For the latest WSO2 documentation, visit https://wso2.com/documentation/.

OAuth Request Path Authenticator

The OAuth Request Path Authenticator is engaged when an access token is sent along with a request for authentication. If the access token is valid, the user is authenticated by the authentication framework and the corresponding response builder takes over.
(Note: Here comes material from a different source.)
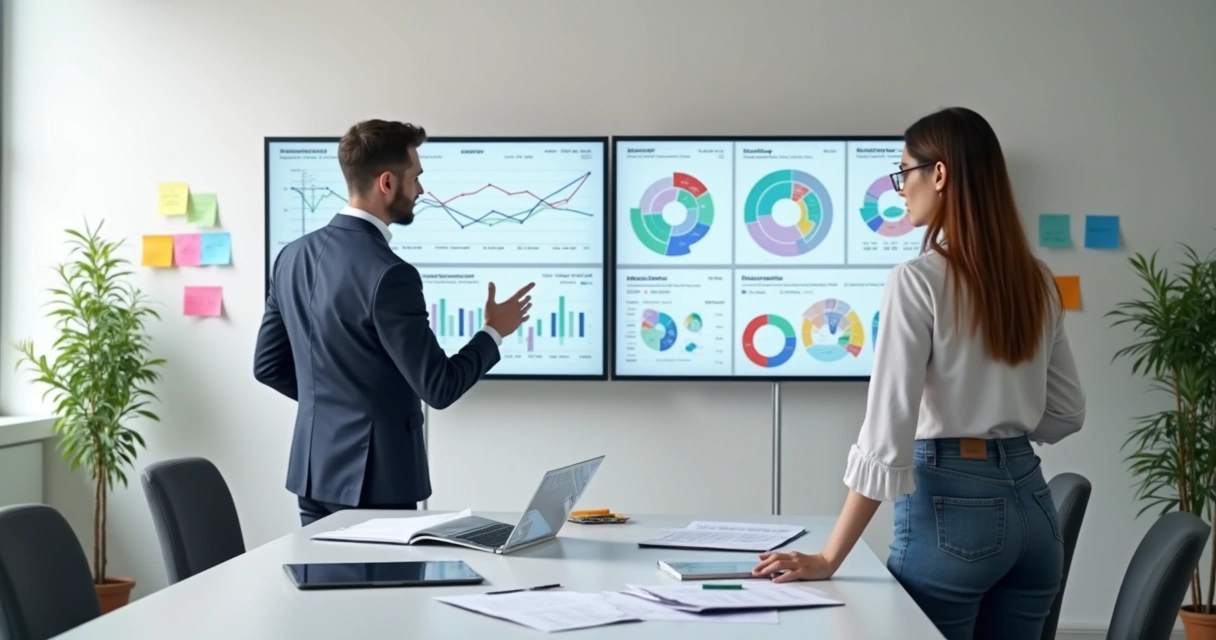 Dois profissionais analisando gráficos e relatórios financeiros em telas grandes e anotações na mesa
The access token can be sent to the OAuth request path authenticator in two ways.

  • As a header in the authentication request:"Authorization: Bearer <access_token>"
  • As a query parameter in the request URL: "&token=<access_token>" 

For more information on Request Path Authentication in general, see Request Path Authentication.
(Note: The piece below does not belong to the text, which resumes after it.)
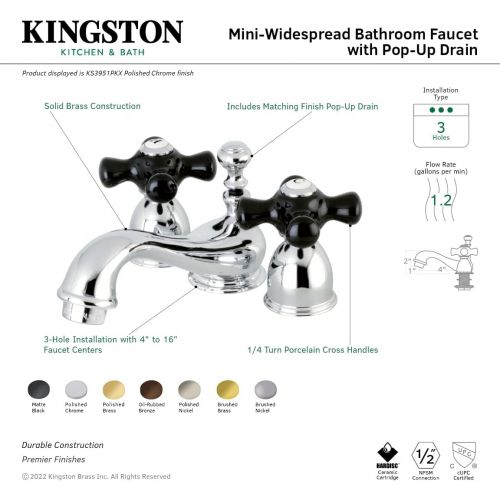  Kingston Brass KS3955PKX Restoration Onyx Mini Spread Lavatory Faucet with Cross Handle, Oil Rubbed Bronze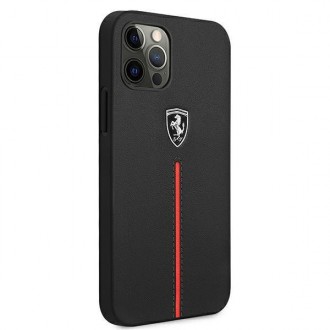 Ferrari FEOMSHCP12LBK iPhone 12 Pro Max černo/černé pevné pouzdro Off Track Leather Nylon Stripe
Using the authorization header

  1. Start the IS server and login to the management console.
  2. Navigate to Service Providers>Add, enter a name for the new service provider and click Add. 
  3. Expand the Inbound Authentication Configuration section, then the OAuth2/OpenID Connect Configuration and click Configure. For more information, see Configuring OAuth/OpenID Connect

    Use the following Callback URL when configuring OAuth: https://curl-app/callback.

  4. Click Add and take note of the Client Key that is generated as you will need this later on. 
  5. Expand the Local & Outbound Authentication Configuration section and then the Request Path Authentication Configuration section. 
  6. Select oauth-bearer from the dropdown and click Add.
  7. Click Update to save changes to the service provider. 
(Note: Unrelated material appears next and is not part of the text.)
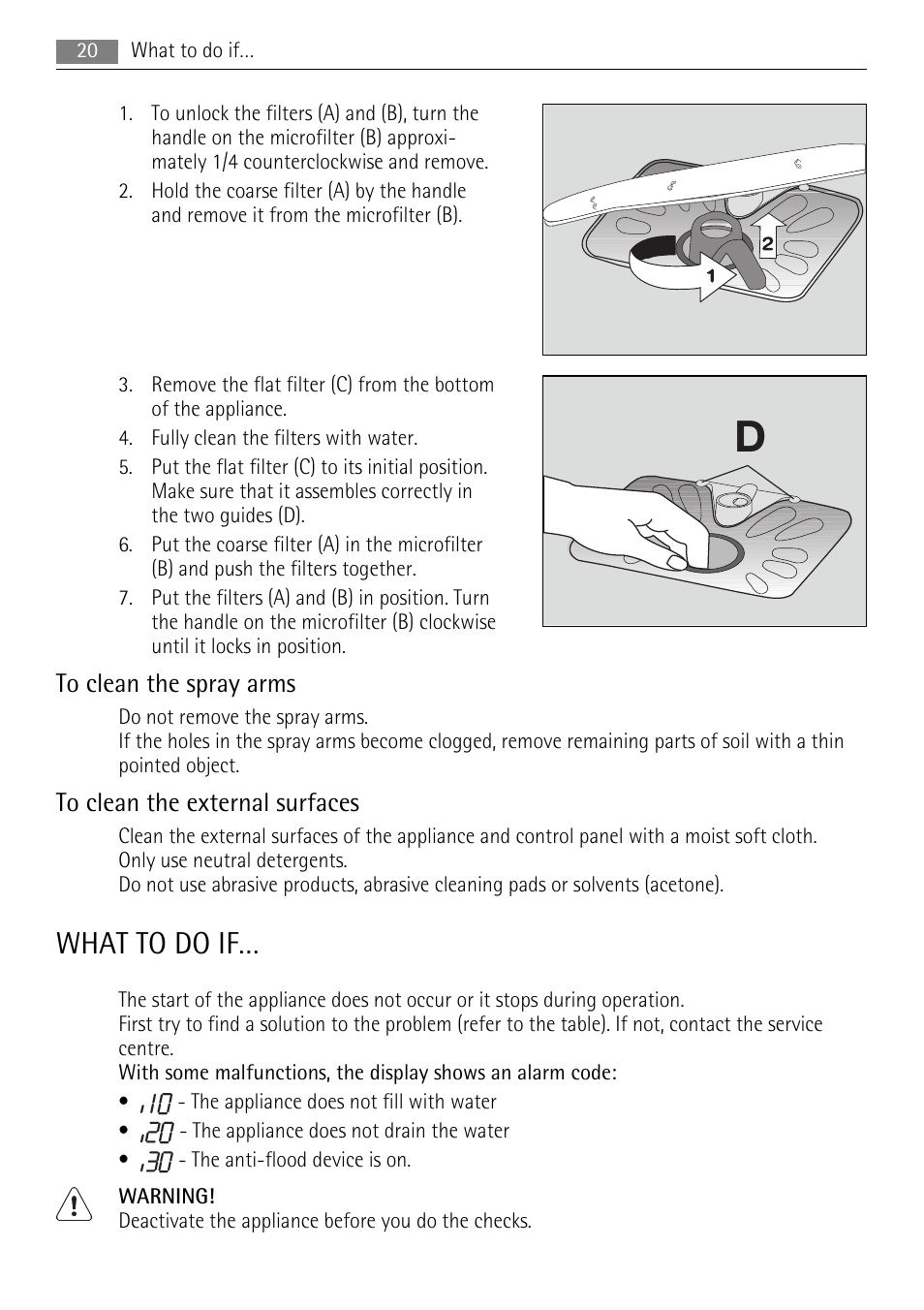 What to do if | AEG F55020W0P User Manual | Page 20 / 28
  8. Use the following cURL command to get a valid token using password grant type. Replace the <CLIENT_ID>:<CLIENT_SECRET> tags with the client key and client secret of your service provider. 

    Request
    curl -v -X POST --basic -u <CLIENT_ID>:<CLIENT_SECRET> -H "Content-Type: application/x-www-form-urlencoded;charset=UTF-8" -k -d "grant_type=password&username=USERNAME&password=PASSWORD" https://localhost:9443/oauth2/token
    Response
    {"token_type":"Bearer","expires_in":2655,"refresh_token":"2f03de95b8e196f78c94d07c23c9ef0a","access_token":"7ee57bc28a3336ccb7818b499941e4e4"}
  9.   Send a cURL request using the access token you received as a response for step1 in the authorization header, to the token endpoint. Replace the <CLIENT_ID> and <REDIRECT_URI> tags with the relevant values. 

    Request
    curl -v -X POST -H "Authorization: Bearer 7ee57bc28a3336ccb7818b499941e4e4" -H "Content-Type: application/x-www-form-urlencoded;charset=UTF-8" -k -d "response_type=code&client_id=<CLIENT_ID>&redirect_uri=<REDIRECT_URI>&scope=openid"  https://localhost:9443/oauth2/authorize
    Response
    Location: https://curl-app/callback?code=37c79c505960e90d5b25f62ce760c98c&session_state=6d1a72e0f3f6392d6648ec5e6ed0
  10. Use the following cURL command to get an access token using the authorization code received in step2. Replace the <CLIENT_ID>:<CLIENT_SECRET>,<CLIENT_ID> and <REDIRECT_URI> tags with the relevant values.


    Request
    curl -v -X POST --basic -u <CLIENT_ID>:<CLIENT_SECRET>  -H "Content-Type: application/x-www-form-urlencoded;charset=UTF-8" -k -d "grant_type=authorization_code&client_id=<CLIENT_ID>&redirect_uri=<REDIRECT_URI>&code=37c79c505960e90d5b25f62ce760c98c&scope=openid" https://localhost:9443/oauth2/token
    Response
    { "scope":"openid", "token_type":"Bearer", "expires_in":3600, "refresh_token":"70f202ca2e4ecf571d0b6d2e49af8f3a", "id_token":"eyJhbGciOiJSUzI1NiJ9.eyJhdXRoX3RpbWUiOjE0NjA0NTkzMTYsImV4cCI6MTQ2MDQ2MjkxNiwic3ViIjoiYWRtaW4iLCJhenAiOiJlN2VrQldVTVBITnFTNU5WQmhxNGhmNWZqMkVhIiwiYXRfaGFzaCI6IkhCWFVKQW50LWFMV3JxQlZJcTFoV2ciLCJhdWQiOlsiZTdla0JXVU1QSE5xUzVOVkJocTRoZjVmajJFYSJdLCJpc3MiOiJodHRwczpcL1wvbG9jYWxob3N0Ojk0NDNcL29hdXRoMlwvdG9rZW4iLCJpYXQiOjE0NjA0NTkzMTZ9.PiqVn7B2vuICHmodnn9udjQrvGqRR-PZr-M8x8Xijg0bnAvzXY4hxqZ5luaLitBH2IgQ5p0Rh_gjPI7TWcQA7AK3iBCp7c29QY78hSSqt38_iG5bC0MYWoluH-jg5f3iyJ3aQ-DPAZexCXxEv65RPF5EDNfhA0fUFcsu79cb89k", "access_token":"7d6c01fb6bfaca22f01d9a24219cce45" }

Using the request URL

  •  To try out request path authentication by sending the access token as a query parameter in the request URL with the WSO2 Playground sample, see Try Request Path Authentication.